I can consume one char off a string and return it no problem. You can't do the
same with wchar. There's no way to advance the string "partially" into a code
point.

> When using 'char', there is no guarantee that the returned
> value will be a valid UTF-8 code point.

No, but a char is not necessarily a UTF code point, it's a UTF-8 code unit.
There is no direct translation of N chars to 1 wchar. So there's no way to
advance the range properly.

> It just gets the next 'char' code
> unit from the string, and so should 'wchar' IMHO. That is, taking the next 2
> 'char' from the string.

It is NOT the same thing to take 2 chars and stuff them into a wchar. This is
not only incorrect, it's pretty much useless.
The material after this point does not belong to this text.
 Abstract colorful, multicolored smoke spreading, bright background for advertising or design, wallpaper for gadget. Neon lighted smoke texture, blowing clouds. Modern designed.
I'm not sure of your use case, but I think you want one of 2 things:

1. std.utf.byUTF!wchar:

foreach(c; "hello".byUTF!wchar)
{
   static assert(is(typeof(c) == wchar));
   writeln(c); // writes 'h', 'e', 'l', 'l', 'o' on separate lines.
}

This will properly encode surrogate pairs.

-------

2. cast(ushort[]) myString;

This will look at the string in 16-bit chunks, but these aren't valid
characters.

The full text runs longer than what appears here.